The pretty little bistro is simply furnished with wooden tables and chairs and has a small bar and soothing light-gray walls. The two waiters, one outgoing and always ready to crack a joke and the other more reserved but with a dry sense of humor, inspired confidence with their traditional white shirts, bow ties and long aprons.
The carte du jour offered two tempting seasonal starters: pan-fried girolles (chanterelles) with an egg (for an additional €6 over the lunch menu price of €22 for two courses and €30 for three) and a soup of pheasant hen with sweet chestnuts. Bonnie had the former, a wise choice that nearly had me
swooning when I stole a few bites from her plate. My soup, jazzed up with a touch of whipped cream and a bit of bacon, tasted
more of chestnuts than pheasant, but was refined and subtle.

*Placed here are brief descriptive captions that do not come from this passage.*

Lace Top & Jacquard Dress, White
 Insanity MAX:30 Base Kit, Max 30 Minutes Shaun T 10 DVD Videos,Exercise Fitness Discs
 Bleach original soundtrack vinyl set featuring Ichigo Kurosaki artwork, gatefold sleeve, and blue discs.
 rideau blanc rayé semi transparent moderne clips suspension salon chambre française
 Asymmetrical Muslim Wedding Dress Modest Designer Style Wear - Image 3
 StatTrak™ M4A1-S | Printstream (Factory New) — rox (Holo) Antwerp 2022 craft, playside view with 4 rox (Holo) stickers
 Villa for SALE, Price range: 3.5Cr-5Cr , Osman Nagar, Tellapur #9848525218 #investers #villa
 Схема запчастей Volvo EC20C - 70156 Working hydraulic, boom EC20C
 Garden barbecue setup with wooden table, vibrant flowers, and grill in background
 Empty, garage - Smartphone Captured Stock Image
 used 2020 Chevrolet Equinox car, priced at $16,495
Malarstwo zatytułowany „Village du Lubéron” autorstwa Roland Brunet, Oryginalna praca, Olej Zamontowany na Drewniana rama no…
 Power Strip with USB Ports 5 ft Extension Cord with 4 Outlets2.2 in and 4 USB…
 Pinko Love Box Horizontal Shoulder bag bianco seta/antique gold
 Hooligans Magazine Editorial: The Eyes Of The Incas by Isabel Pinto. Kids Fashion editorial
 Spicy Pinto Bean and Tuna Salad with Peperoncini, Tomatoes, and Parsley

I was disappointed that the palombe (woodpigeon) – a quintessential Basque dish – listed on the day’s menu was available only in the evening and chose the beef cheeks instead. Served like a stew in a cast-iron casserole
with carrots and the meatiest and best-flavored lardons I have ever tasted, it was spooned by the waiter over the creamy mashed potatoes on the plate. The dark sauce was wonderfully intense and the meat meltingly tender.
Bonnie’s main course of merlu (hake), served in a casserole dish with tender Coco de
Paimpol white beans, thin slices of chorizo and bits of ham (even the fish is meaty here) was another success.
For dessert I couldn’t resist the Ossau Iraty (a mild Basque sheep’s milk cheese) with black-cherry jam. Bonnie ordered the poire Belle Hélène, but a molten chocolate concoction arrived instead. As soon as he saw us looking askance at it, the waiter realized he had made a mistake and, in a graceful save, told us that it was an extra dessert on the house, an appetizer for the poire Belle Hélène to come.
The last thing we wanted after that hearty meal was a third dessert, and after tasting and re-tasting the delicious chocolate dessert with caramelized almonds and raspberry sorbet, we signaled him to cancel the poire. It arrived anyway, looking like an alien spaceship decked out in antennae of slivered almonds and
doused in hot chocolate sauce. It, too, was very fine (especially compared with the granular poached pear at Wanderlust last week).
There is nothing fancy about the food at Belhara. It is just satisfying, flavorful, well-cooked food made with superior ingredients. A real haven for the coming winter.
Note: Bistrot Belhara was named one of Paris’s 15 Best Restaurants of 2013 by FigaroScope.